I've been divorced twice.
I have problems in
relationships and i'm trying to make this one work um hey i don't pause that right there
thank you for that patrick
thank you for that i've talked to too many guys in your situation that would roll their eyes and
say yet again i'm getting screwed on this deal or I'm getting hosed on this deal or whatever.
And your first words to me are, I'm trying to make this work.
And so I appreciate your vulnerability there, dude.
That takes a lot.
Is that new, Patrick?
It's new-ish.
Okay.
I've been trying to make it work on the third time now and the fourth and the fifth.
Hey, there we go.
Every day is a new chance to start over.
All right, man, so how can I help?
So the problem I have is I've come to the end of my rope and I get angry and mad and upset and frustrated
and want to nuke the whole thing and let go,
but I'm asked to hold on, and I do.
But I just feel like my wife's checked out.
Yeah, I would imagine so, based on
just what you just told me.
So,
I mean, if somebody who I
loved and had chained myself
to, had hitched myself to,
got angry and just wanted to cash
out every time, yeah, I would be checked
out too. I mean, I can imagine that's a roller
coaster and a whiplash. So, brother, why do you get angry and yell and scream and say, I'm out? I just feel like
I'm dragging this thing out by myself. She spends the majority of time I see her on the back porch
scrolling on her phone or watching videos. I mean, she hadn't sat down at the dinner table
with me and the kids for over a year.
And how long have you been with her?
We've been married 11 years.
11 years, okay.
So what is it about you,
what is it about your family environment that she wants no part of?
I don't know.
You gotta know.
You've been with her over a decade.
I think it's just distractions.
I know, but what does she need to distract herself from
I don't know
what about you
is she distracting herself from
accountability I mean I try to hold her accountable for responsibilities that she's not doing. And give me an example of that. Uh, she's a stay at home mom. Uh, she
has a hard time keeping up with the house, keeping up with the kids,
keeping up with the kids clothes routines. with the kids' clothes, routines.

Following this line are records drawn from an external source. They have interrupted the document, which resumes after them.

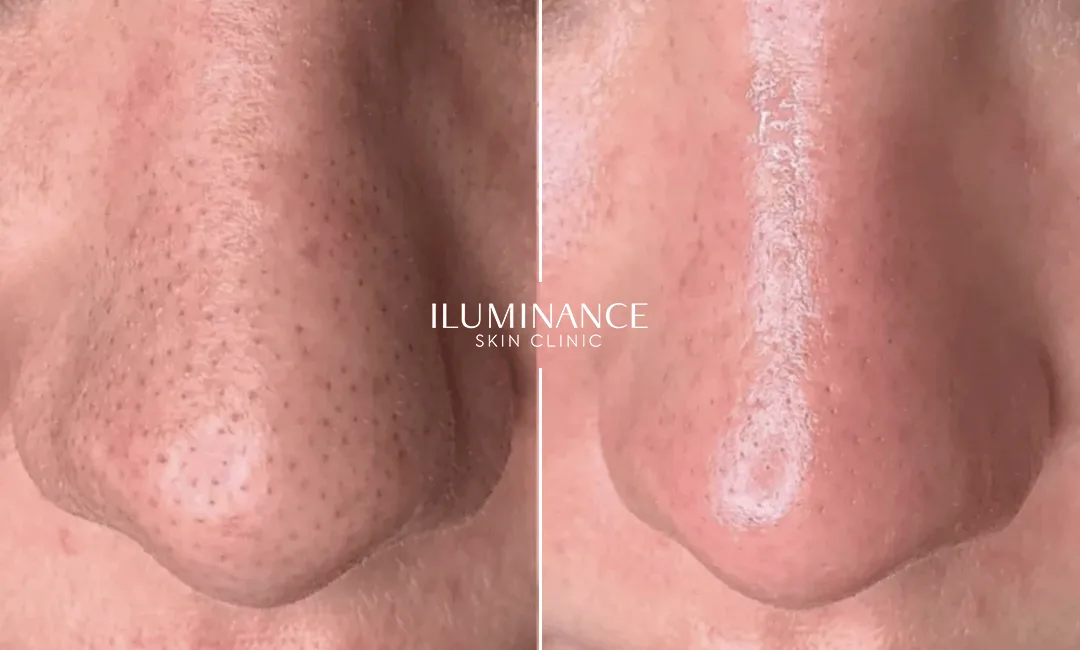 Hydracool - After and Before - results 3 - Iluminance skin clinic
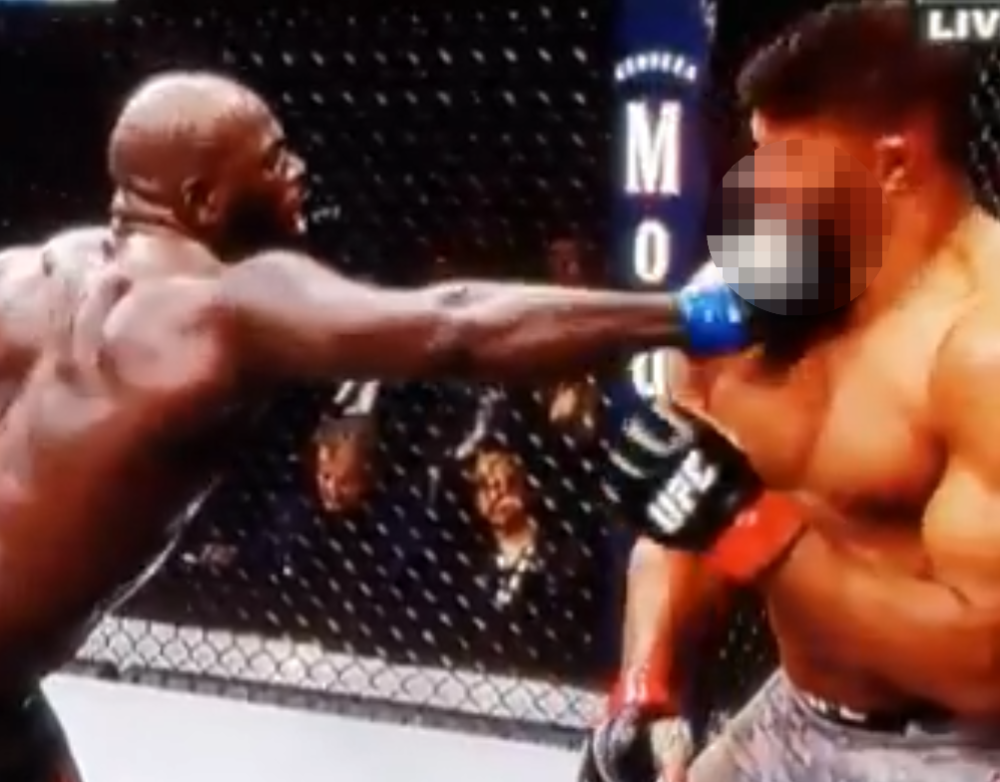 Udarac je bio toliko jak da mu je sasvim rascepao kožu i unakazio ga doživotno! Ima nove centimetre osmeha! Krvavo i strašno (VIDEO)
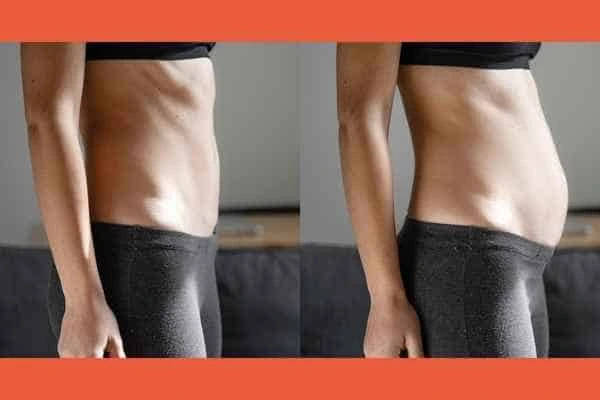 LA-EMS Body Sculpting results Greater London (Waltham Forest)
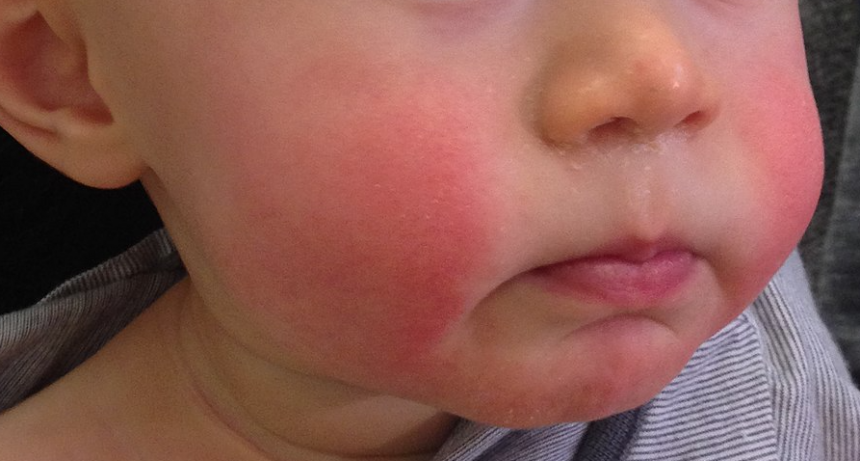  Yvonne Cossart, la viróloga australiana que descubrió el virus que pone las mejillas coloradas a los niños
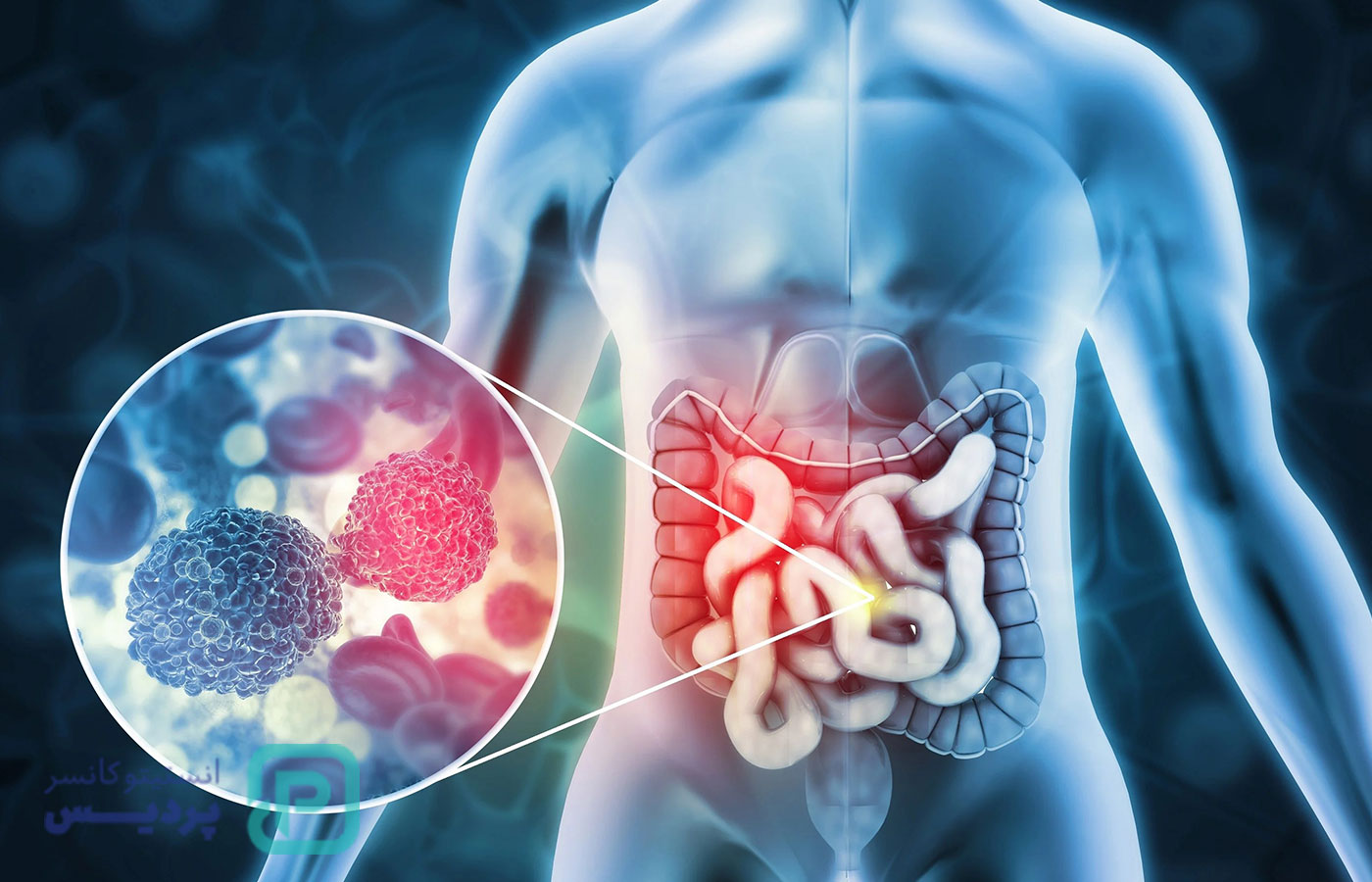 سرطانهای رایج در مردان بالای 40 سال و علائم هشداردهنده آنها 4 سرطانهای رایج در مردان بالای 40 سال و علائم هشداردهنده آنها - 4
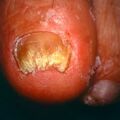 misuse_loprox9-691.jpg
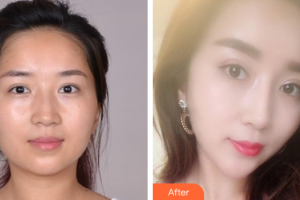 佛山曙光金子醫(yī)學美容醫(yī)院沈荷云整形價格表附美白嫩膚案例展示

I mean, it's gotten better, but it's just a challenge to keep on task, on track, to grow, to be responsible, to be accountable, to say, yeah, I'm going to do this, and then it gets done.
I mean, I don't know what she's running from.
I mean, we've had knockdown drag
outs. We've had reconciliations. We've had, I left for 30 days and came back because I didn't
want to leave the family. Uh, but that was two, three years ago. And I know she looks back on it
and this last anniversary was a good one,
and we've made some steps,
but I just don't see the work.
I don't see the commitment.
I don't see the accountability, the response.
I don't see it.
How come your first marriage didn't work, brother?
I was young and stupid.
Elaborate.
Got married.
I got married as a young Marine.
Deployed, came back.
Things were fast and loose, and it was stupid to get married in the first place.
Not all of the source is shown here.